O inquérito foi instaurado para investigar a conduta dos policiais durante o protesto de professores e funcionários públicos contra mudanças na ParanaPrevidência. A polícia investiu contra os manifestantes usando gás de pimenta e balas de borracha. Mais de 200 pessoas ficaram feridas.

Em nota, o órgão afirma que a posição adotada pelo promotor Misael Pimenta Neto “não é compartilhada pelos membros do Ministério Público especialmente designados pela Procuradoria-Geral de Justiça para apurar, de forma mais ampla, os fatos relacionados ao episódio”.

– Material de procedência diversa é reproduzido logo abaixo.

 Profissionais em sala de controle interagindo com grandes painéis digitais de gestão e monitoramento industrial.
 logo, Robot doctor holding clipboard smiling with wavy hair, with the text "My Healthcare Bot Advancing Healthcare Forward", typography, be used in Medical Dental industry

Os promotores favoráveis ao arquivamento entendem que não há indícios de culpa individual dos policiais que justifiquem uma denúncia à Justiça. O Ministério Público ainda afirma que o pedido de arquivamento “não interfere na ação civil pública ajuizada pelo Ministério Público do Paraná, […] nem no envio de cópias à Procuradoria-Geral da República, para a apuração de eventuais crimes comuns – inclusive aqueles atribuíveis a policiais militares, não previstos no Código Penal Militar”.

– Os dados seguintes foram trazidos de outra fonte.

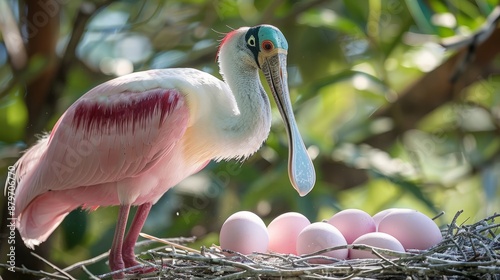 Detailed view of a spoonbill’s nest with large, pink eggs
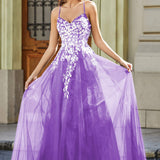 Benedita | Vestido comprido em tule com top em renda aplicada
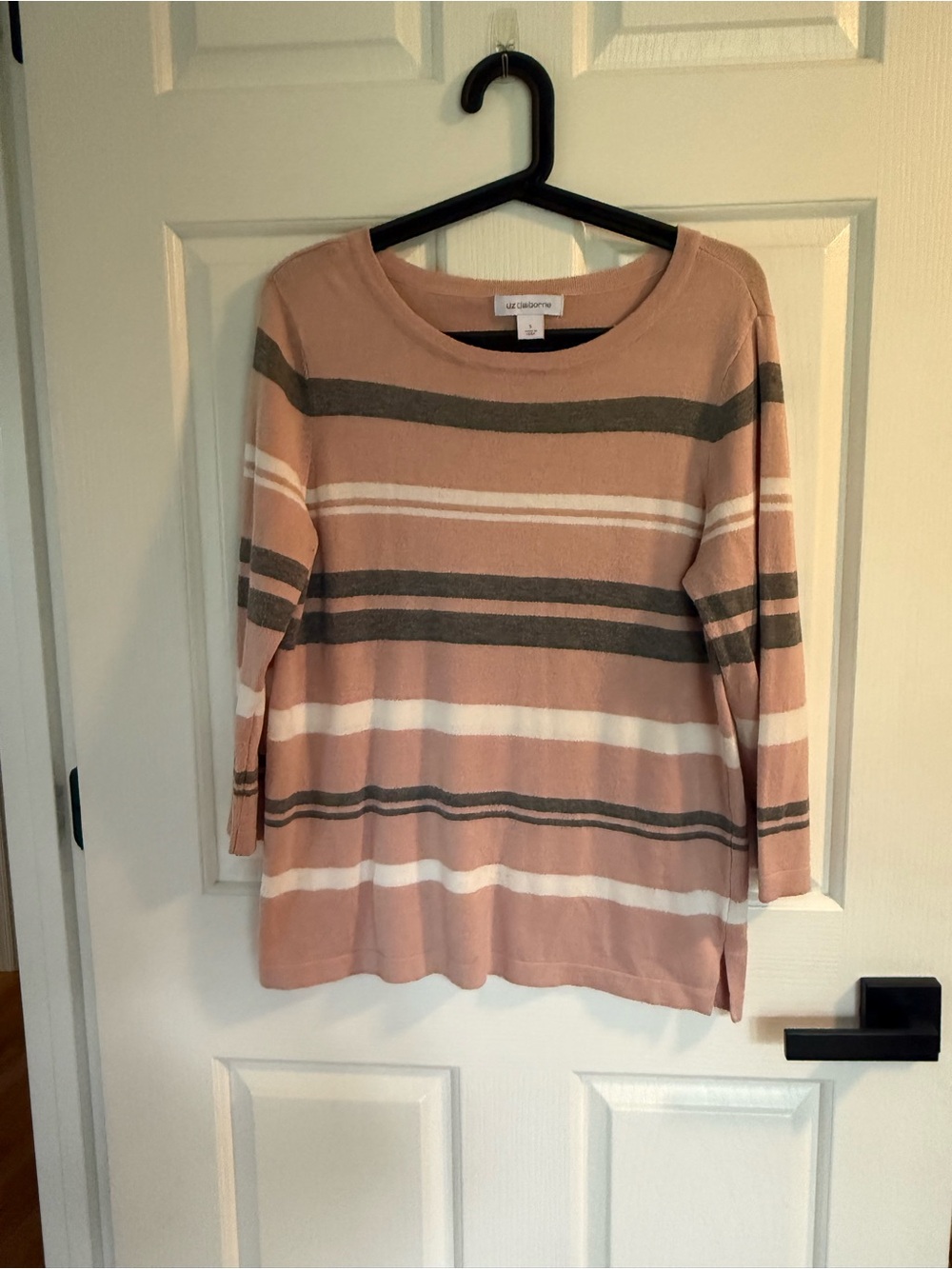 Liz Claiborne Pink Striped Crewneck Sweater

Independentemente do arquivamento, os policiais que participaram da “Batalha do Centro Cívico” podem responder em outros dois processos que correm na esfera cível e criminal. Um deles tramita na 3ª Vara da Fazenda Pública de Curitiba e está em fase de apresentação da defesa prévia.

O outro é analisado pela Procuradoria Geral da República. Isso porque quando ajuizou a ação civil pública, o Ministério Público indiciou o governador Beto Richa (PSDB) e o deputado federal Fernando Francischini (Solidariedade), então secretário de Segurança Pública. Os dois têm foro privilegiado.